Fire can wreck havoc in a house.

  • Water. Good for tackling fires involving wood, paper, and soft furnishings. The water soaks into the materials and cools them while at the same time extinguishing the fire. Care needs to be taken if electricity is involved as water is a great conductor. They are also good where children are in the house as they contain less harmful substances
  • Foam. These work by spreading a film of foam over the fire which starves it of oxygen. They are also safe to use on electrical fires
  • Dry powder (ABC use). These are suitable for fighting class A, B or C fires, that is, ordinary combustibles, flammable liquids or flammable gases. They are cheaper than the foam extinguishers but can leave a lot of damage in their wake, so it might be worth investing in a slightly more expensive foam extinguisher. They can also be dangerous to use in a confined space as inhaling the chemicals can be harmful
  • Carbon dioxide (CO2).
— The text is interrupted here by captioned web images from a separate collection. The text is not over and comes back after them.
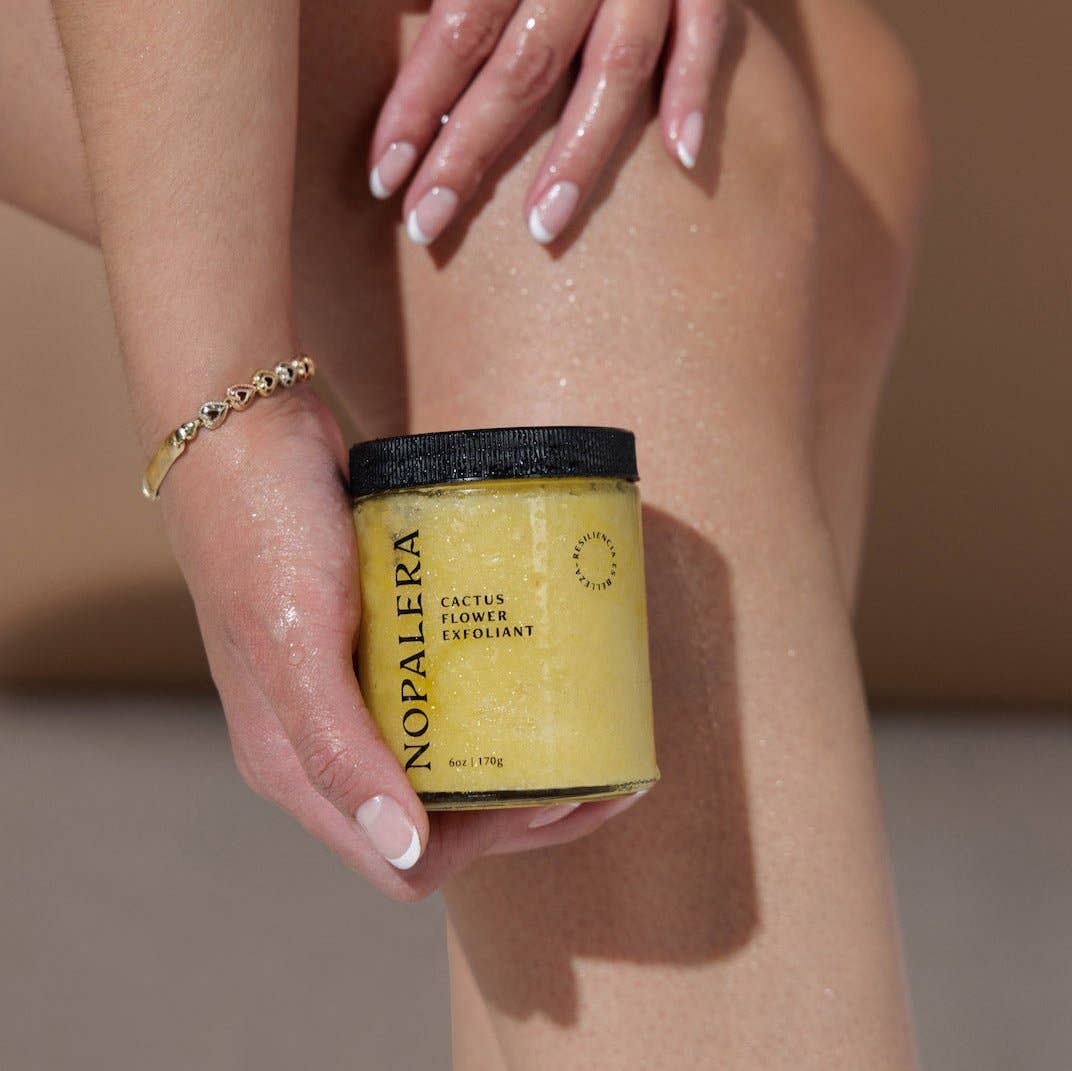 Nopalera - Cactus Flower Exfoliant - Mandarina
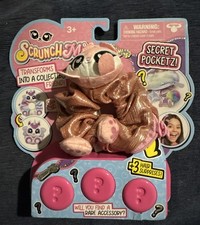 Scrunch Miez Secret Pocketz Hair Band With Accessories Brand New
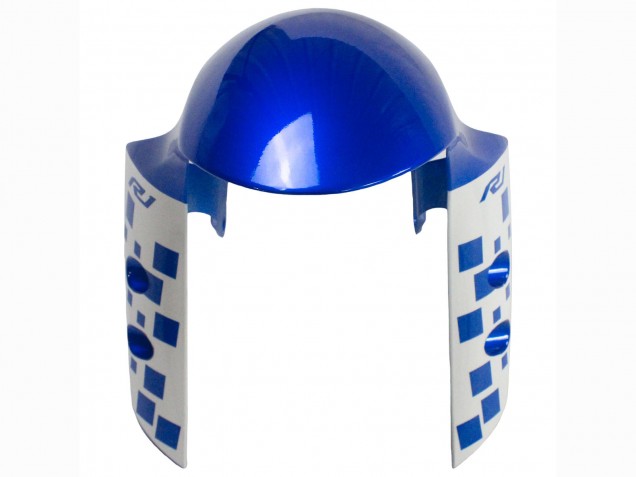 Carenados Moto Yamaha YZF 1000 R1 2020-2025 - Blanco Azul Neon Amarillo Negro Brillante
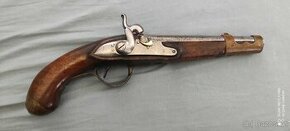 Stará pistole 1815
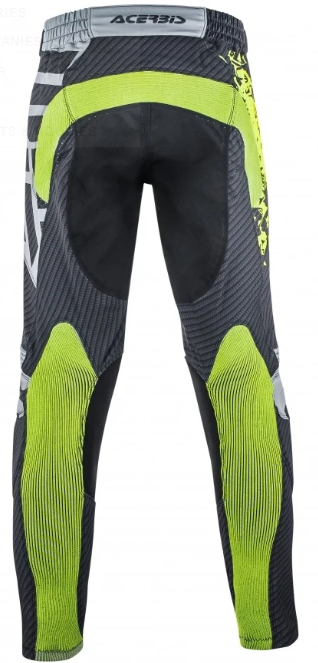 Acerbis MX Carbon X-Flex Pants Black/Yellow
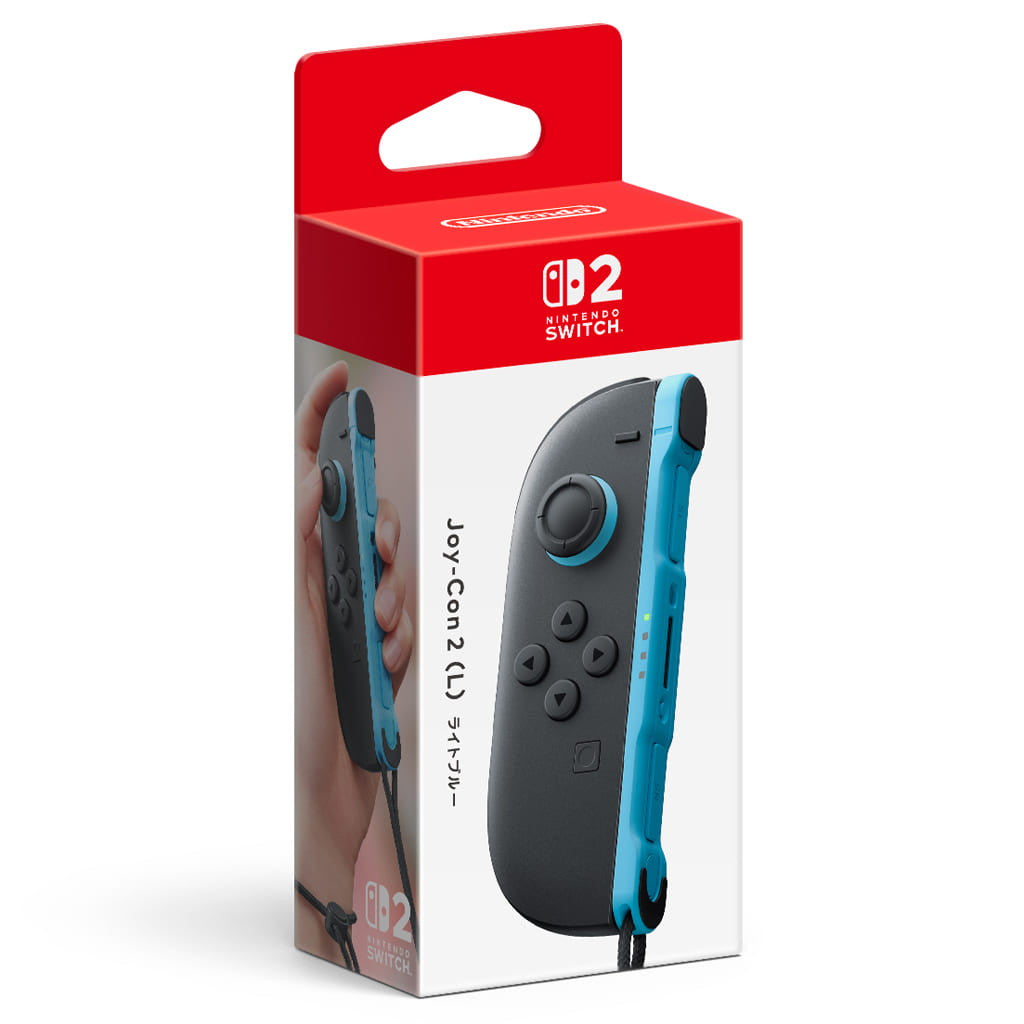 新品即納】[ACC][Switch2]Joy-Con 2(ジョイコン2) (L) ライト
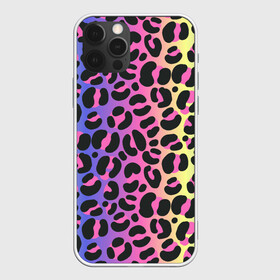 Чехол для iPhone 12 Pro Max с принтом Neon Leopard Pattern в Кировске, Силикон |  | Тематика изображения на принте: africa | afrika | gradient | summer | tropical | африка | африканский узор | градиент | леопард | леопардовый узор | лето | неон | неоновое свечение | паттерт | пятна | разные цвета | саванна | тропики | тропический узор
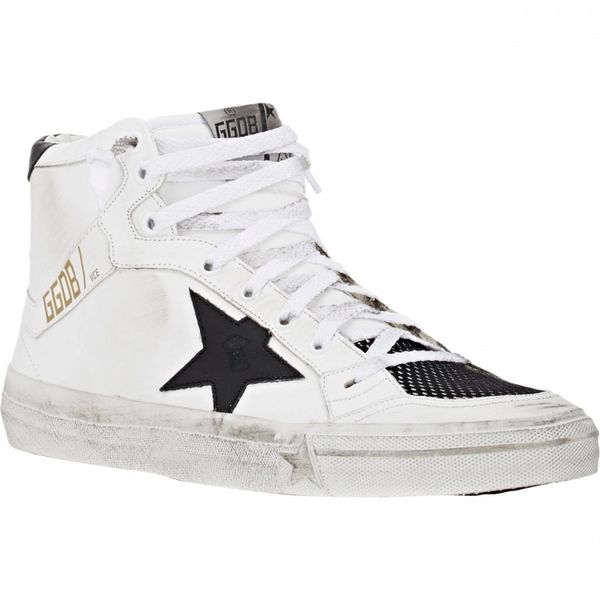 

mid slide shoe francy star sneakers italy deluxe leopard snakeskin do-old dirty goose designer man women shoes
These are suitable for extinguishing liquid fires and those involving electrical equipment. Care needs to be taken in ensuring that the fire is out as the CO2 does not cool the fire. They are also not suitable for using on a deep fat fryer as the impact of the jet of CO2 may spread the burning fat around the room.

Several home use fire extinguishers are now suitable for a multitude of uses, so it’s a good idea to do your homework before you commit to buy.

Here are a few tips if you find yourself needing to fight a fire in the home.

  • Don’t attempt to fight a fire unless you feel it’s safe to do so. A general rule of thumb is: if the fire is bigger than you then leave it for the fire service
  • Choose where to position your extinguisher carefully so that you can get to it quickly
  • Buy an extinguisher that you can easily carry and use
  • Don’t position an extinguisher near or over a fire, but make sure it is out of reach of the children
  • Read the instruction when you first get the extinguisher as it may be too late when the fire is burning
  • If you have to use a fire extinguisher make sure you have an escape route at all times
Make sure this doesn’t happen to your house.

Make sure this doesn’t happen to your house.

Safe Furniture

All furniture made after 1950 must meet tough regulations for fire resistance. Fillings must not catch fire easily, upholstery has to be cigarette resistant and covers have to be match resistant. When you buy new furniture that has an element of upholstery you will find a label outlining its credentials. If you have been renting a furnished property from before 1997 it is possible that it may contain some item of non fire resistant furniture. It’s only when there is a change of tenant that these will need to be changed, so it would be worth checking the items.
It is now possible to treat these items with a fire retardant spray which is completely safe to use, and it’s also suitable for almost any other material in the home.

Means of escape

It is always a good idea to make sure that you have a means of escape from your home should there be a fire. Discuss with other members of your household what course of action you should all take if a fire is discovered, and make the safety of everyone of paramount importance. Thinking ahead rather than waiting until disaster happens could be the difference that it makes in saving your life.